There are other formulas for success with software, especially if you are
deeply merged with what it is that u r doing, rather than just glomming on to
the first idea for its potential to make money or create impact, then
convincing yourself ur super passionate about home meal delivery. There are
people who have become billionaires 30 years down the line for sticking to
their guns and doing what they loved. In short I find the YC model extremely
shallow and results in lots of young people ever eager to feed their ego with
whatever idea will get them financial success, customers and "impact" as soon
as possible. Because of how hard it is most get punished for their greedy ego-
oriented thinking, ie through the pain of pushing such a thing through to
success. Those that manage to win have no guarantees they are happier for it.

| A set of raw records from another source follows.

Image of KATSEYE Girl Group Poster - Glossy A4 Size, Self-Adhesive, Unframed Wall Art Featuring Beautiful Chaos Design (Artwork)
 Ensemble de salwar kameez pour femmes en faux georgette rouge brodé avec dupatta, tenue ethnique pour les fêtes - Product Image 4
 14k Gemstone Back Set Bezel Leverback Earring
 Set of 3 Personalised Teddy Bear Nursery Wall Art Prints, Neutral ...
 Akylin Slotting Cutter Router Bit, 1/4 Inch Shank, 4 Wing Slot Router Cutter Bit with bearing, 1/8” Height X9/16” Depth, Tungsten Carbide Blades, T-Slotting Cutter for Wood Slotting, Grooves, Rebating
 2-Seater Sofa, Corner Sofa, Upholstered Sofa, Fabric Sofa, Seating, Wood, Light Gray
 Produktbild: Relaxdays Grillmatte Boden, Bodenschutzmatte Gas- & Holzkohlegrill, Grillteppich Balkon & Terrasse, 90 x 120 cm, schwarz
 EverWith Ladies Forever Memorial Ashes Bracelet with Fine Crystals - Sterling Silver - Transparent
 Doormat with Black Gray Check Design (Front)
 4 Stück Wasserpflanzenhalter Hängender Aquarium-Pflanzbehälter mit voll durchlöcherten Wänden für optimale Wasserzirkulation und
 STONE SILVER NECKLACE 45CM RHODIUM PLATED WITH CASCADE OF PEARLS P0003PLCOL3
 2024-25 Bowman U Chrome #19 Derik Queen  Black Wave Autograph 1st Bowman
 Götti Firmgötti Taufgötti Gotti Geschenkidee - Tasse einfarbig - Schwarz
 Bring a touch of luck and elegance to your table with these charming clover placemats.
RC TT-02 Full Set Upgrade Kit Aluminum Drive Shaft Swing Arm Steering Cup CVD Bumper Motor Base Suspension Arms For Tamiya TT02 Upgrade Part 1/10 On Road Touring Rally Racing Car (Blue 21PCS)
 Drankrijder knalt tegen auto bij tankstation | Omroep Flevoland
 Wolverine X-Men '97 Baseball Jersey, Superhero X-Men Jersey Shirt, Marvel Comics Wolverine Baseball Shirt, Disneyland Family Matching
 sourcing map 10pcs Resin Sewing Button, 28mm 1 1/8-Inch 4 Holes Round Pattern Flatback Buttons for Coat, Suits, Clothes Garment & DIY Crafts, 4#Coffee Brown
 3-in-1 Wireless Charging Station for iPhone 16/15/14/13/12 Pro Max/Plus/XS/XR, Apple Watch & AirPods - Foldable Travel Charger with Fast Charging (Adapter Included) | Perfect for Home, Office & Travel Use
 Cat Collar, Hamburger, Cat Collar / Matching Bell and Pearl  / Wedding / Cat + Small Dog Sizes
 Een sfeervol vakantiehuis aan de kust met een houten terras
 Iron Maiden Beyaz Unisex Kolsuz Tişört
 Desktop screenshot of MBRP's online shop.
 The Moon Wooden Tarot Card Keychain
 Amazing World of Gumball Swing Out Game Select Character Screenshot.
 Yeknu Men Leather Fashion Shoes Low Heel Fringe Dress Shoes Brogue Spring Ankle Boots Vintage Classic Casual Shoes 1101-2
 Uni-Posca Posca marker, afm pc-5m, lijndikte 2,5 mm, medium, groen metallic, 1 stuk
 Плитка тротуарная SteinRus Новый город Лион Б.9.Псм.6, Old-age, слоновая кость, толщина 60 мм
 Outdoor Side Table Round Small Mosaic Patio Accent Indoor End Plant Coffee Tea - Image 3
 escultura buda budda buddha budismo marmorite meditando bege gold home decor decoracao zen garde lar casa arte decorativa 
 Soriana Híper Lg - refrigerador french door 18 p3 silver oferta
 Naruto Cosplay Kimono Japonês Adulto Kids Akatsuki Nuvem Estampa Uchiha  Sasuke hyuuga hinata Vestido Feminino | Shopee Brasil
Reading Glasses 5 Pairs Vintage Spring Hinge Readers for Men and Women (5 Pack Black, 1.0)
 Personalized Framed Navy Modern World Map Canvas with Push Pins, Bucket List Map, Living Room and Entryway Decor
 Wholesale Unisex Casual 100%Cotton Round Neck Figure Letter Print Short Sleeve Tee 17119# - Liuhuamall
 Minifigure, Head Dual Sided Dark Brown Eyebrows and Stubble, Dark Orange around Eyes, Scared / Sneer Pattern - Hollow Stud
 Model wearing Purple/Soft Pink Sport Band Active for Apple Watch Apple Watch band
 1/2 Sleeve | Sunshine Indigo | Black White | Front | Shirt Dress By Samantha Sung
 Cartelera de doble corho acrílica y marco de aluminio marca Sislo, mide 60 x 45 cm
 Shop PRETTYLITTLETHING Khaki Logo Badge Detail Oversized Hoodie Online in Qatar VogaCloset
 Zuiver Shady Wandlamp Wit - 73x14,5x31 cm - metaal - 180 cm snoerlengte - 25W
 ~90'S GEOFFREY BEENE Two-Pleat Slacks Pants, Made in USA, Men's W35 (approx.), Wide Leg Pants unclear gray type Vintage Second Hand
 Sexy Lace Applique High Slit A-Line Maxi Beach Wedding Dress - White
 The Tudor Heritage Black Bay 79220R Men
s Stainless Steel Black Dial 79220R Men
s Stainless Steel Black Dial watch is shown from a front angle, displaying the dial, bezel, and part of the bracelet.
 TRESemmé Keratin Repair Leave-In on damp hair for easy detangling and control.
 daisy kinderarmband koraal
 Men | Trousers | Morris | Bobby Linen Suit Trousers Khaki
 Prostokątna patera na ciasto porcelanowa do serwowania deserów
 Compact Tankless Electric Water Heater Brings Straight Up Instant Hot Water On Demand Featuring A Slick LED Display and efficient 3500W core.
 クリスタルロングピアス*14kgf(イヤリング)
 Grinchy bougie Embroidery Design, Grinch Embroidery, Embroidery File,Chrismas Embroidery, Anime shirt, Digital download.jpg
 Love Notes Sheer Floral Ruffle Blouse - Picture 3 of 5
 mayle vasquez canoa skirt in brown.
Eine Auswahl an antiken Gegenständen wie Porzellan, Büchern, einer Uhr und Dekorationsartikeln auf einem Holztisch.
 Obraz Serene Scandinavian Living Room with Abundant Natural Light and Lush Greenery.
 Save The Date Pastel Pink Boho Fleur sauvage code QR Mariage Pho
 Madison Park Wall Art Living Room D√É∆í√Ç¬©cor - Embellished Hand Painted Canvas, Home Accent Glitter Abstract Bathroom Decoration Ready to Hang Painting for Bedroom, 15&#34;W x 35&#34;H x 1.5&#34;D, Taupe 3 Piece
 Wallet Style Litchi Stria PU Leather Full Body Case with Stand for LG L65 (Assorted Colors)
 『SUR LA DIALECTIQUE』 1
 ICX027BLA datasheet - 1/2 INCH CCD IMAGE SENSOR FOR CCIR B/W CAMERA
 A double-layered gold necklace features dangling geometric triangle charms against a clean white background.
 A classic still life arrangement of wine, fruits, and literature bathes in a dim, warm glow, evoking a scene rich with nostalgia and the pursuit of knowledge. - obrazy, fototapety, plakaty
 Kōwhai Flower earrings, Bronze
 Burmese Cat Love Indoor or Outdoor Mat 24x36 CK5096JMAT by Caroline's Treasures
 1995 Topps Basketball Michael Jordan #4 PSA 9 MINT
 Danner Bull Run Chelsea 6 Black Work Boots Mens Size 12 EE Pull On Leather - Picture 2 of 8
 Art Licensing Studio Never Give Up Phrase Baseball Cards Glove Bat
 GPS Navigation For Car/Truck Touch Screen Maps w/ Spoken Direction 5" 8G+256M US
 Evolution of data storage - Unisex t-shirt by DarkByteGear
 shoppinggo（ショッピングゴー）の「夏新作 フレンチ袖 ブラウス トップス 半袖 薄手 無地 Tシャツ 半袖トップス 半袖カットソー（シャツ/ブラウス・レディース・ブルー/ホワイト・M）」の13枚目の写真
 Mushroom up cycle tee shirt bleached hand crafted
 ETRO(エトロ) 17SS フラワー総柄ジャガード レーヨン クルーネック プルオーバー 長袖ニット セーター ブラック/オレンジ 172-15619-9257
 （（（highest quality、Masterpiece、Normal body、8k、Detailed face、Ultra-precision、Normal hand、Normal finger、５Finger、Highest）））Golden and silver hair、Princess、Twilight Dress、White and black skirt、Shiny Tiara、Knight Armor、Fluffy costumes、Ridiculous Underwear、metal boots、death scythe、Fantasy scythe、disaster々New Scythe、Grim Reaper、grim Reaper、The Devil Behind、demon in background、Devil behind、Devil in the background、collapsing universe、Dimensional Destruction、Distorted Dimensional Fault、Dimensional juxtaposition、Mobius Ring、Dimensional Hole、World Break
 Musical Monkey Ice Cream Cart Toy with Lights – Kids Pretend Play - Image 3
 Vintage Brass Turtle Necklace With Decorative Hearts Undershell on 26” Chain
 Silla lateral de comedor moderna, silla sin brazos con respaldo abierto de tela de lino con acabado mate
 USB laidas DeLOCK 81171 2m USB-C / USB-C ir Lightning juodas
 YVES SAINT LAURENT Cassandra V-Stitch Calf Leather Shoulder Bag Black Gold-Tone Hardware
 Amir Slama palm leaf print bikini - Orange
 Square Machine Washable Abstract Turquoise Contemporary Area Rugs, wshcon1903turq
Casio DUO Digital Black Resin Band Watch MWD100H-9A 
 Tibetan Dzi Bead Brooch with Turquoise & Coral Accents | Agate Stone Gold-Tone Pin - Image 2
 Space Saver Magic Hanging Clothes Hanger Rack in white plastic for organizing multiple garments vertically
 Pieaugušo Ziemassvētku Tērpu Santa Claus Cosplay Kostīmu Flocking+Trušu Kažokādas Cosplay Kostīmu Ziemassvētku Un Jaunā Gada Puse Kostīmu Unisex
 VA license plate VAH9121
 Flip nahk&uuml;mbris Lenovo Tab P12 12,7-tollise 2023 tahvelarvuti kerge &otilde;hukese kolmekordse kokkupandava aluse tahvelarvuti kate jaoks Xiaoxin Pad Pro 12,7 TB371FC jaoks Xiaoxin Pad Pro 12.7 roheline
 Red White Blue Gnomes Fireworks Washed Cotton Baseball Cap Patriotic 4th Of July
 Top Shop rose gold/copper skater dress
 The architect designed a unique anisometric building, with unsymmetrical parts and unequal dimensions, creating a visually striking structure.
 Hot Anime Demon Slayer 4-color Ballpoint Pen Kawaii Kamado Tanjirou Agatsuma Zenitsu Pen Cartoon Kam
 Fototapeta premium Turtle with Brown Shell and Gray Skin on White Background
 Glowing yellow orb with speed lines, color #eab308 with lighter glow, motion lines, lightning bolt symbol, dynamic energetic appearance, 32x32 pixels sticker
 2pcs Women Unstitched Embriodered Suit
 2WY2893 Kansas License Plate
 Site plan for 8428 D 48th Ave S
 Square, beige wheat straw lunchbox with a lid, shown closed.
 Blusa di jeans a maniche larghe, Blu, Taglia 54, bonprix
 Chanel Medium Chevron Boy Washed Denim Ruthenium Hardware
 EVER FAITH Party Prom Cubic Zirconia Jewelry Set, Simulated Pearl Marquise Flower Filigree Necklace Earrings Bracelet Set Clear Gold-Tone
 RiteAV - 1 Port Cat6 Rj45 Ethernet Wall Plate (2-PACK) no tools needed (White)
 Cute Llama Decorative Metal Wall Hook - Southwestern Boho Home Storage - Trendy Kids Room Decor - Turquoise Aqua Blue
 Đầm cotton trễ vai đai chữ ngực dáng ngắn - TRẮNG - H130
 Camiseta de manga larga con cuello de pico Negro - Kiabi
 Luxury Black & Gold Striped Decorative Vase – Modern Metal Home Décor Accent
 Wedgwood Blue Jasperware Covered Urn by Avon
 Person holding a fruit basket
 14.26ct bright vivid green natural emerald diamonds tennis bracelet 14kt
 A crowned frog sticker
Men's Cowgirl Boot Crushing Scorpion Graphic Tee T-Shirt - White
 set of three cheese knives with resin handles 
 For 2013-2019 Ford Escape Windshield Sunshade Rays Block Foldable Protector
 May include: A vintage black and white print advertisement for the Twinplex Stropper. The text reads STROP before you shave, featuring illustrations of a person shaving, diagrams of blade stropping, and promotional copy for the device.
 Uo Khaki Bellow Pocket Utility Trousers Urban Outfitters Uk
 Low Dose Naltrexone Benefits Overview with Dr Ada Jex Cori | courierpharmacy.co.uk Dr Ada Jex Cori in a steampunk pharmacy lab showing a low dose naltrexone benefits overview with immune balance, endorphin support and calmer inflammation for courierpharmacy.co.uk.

It's not the success that makes one happy, but how u go about it. Too often
than not it requires negative choices--just like Kalanick; I can't help but
imagine his internal world being anything less than a greedy STRESSFUL never
ending paper chase. Indicators of one's own internal world is what's going on
around them, and just look how dark and ugly it's been getting for Uber
lately. None of that sorta stuff is love and happiness. Paul Graham is a nice
guy, but id urge him to question the concepts he's putting out into the
universe. YC perpetuates ego ambition, not necessarily healthy growth. Good
for all u guys, ur all rockstars from the narrow perspective of startups. Now
achieve the same in ur personal life and in consciousness of ur own psychology
and intents. That's far more important and our true tests in this life. That's
not to say material success isnt important, but only up until it becomes a
distraction from mastering your own true intent.